Desde allí a visitar la Gran
Mezquita, un santuario enorme que Mohamed ha construido robándole algunas
hectáreas al mar. Resulta impresionante. Nuestro guía aprovechó para ponernos
al tanto de los intríngulis de la religión musulmana y sus principios. No
pudimos entrar a verla porque ya estaba cerrada. Pero por la mañana está
abierta, nos informó, salvo en las horas de culto. De la mezquita a la plaza Mohamed
(aquí todo es Mohamed o Hassan en honor a sus últimos reyes) que llamaba la
atención por lo animada que estaba a esa hora de la tarde. Bueno y de allí,
carretera y manta cara a Rabat, nuestro destino. El tránsito de una ciudad a la
otra (otra hora y media larga de furgoneta) se nos hizo eterno. Cada quien fue
sobrellevando su agotamiento a base de cabezadas. Y al final, el final, Rabat.

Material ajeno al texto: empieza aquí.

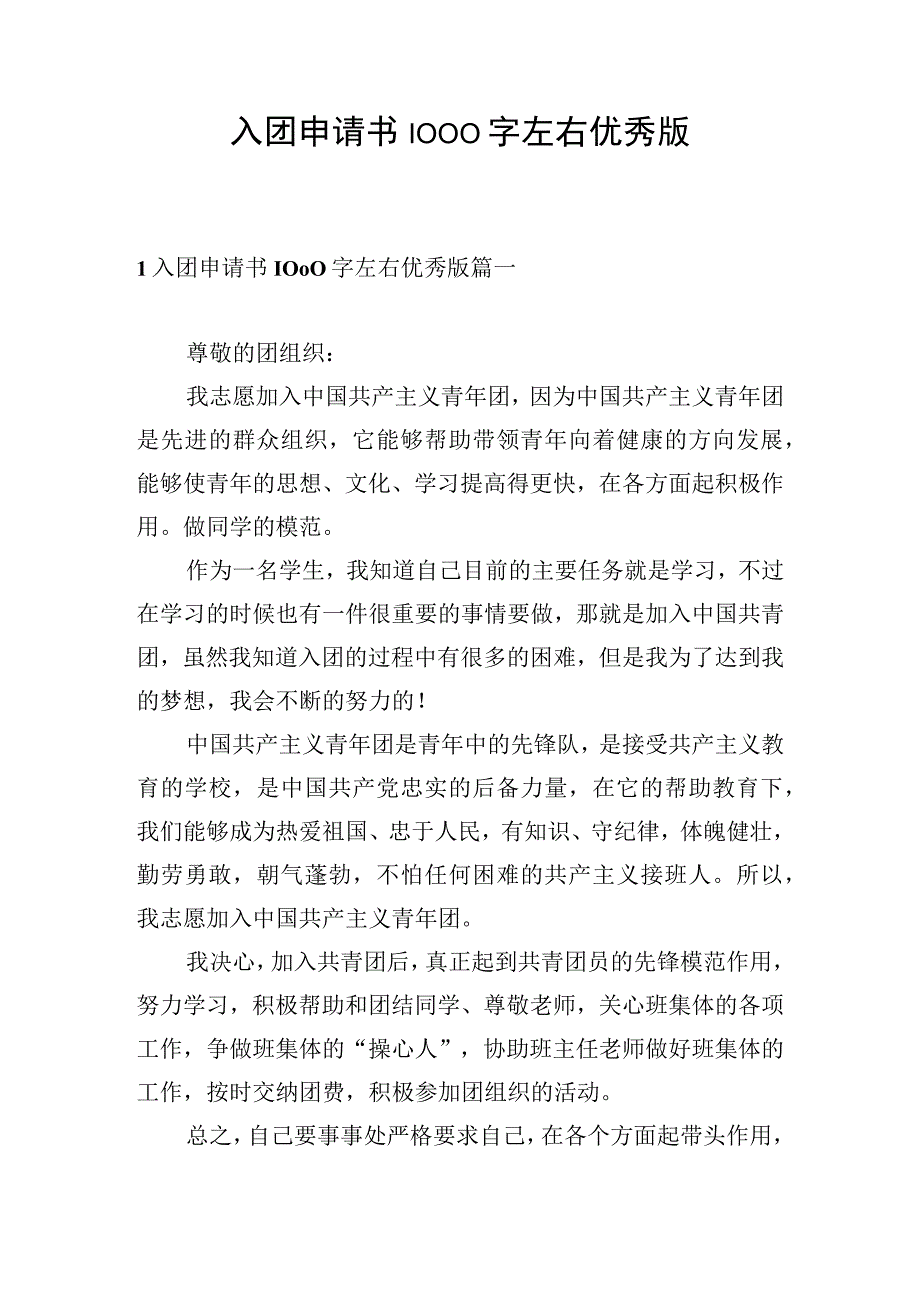 入团申请书1000字左右优秀版.docx_第1页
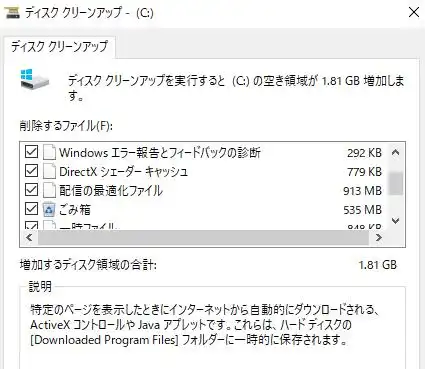 ディスククリーンアップによるデータの消去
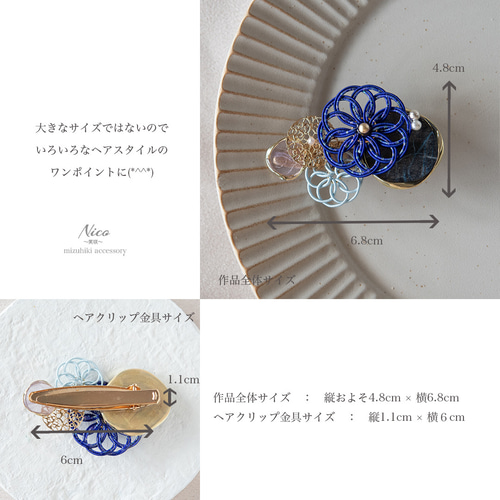 水引ヘアクリップ 透かし花躍る 五箇山和紙 紺 ヘアクリップ・バナナ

Teníamos alojamiento en el
Mercure Sheherazade. Fuimos haciendo el check-in y quedamos para cenar. Según
iba bajando la gente al comedor comentaba sus impresiones. Lo más gracioso es
que todas las habitaciones eran de cama de matrimonio. Así que a todos nos
tocaba compartir lecho con otra persona, lo cual en el caso de los casados
estaba bien, pero tuvieron que pasar por el mismo trance también quienes no lo
estaban o quienes sí lo estaban pero habían venido solas a la boda. Incluso al
novio le tocó dormir con uno de los amigos, que ya le advirtió de antemano que
él no respondía si la cosa le gustaba y decidía no casarse al día siguiente.
Y así, mal que bien, cerramos nuestro primer día africano.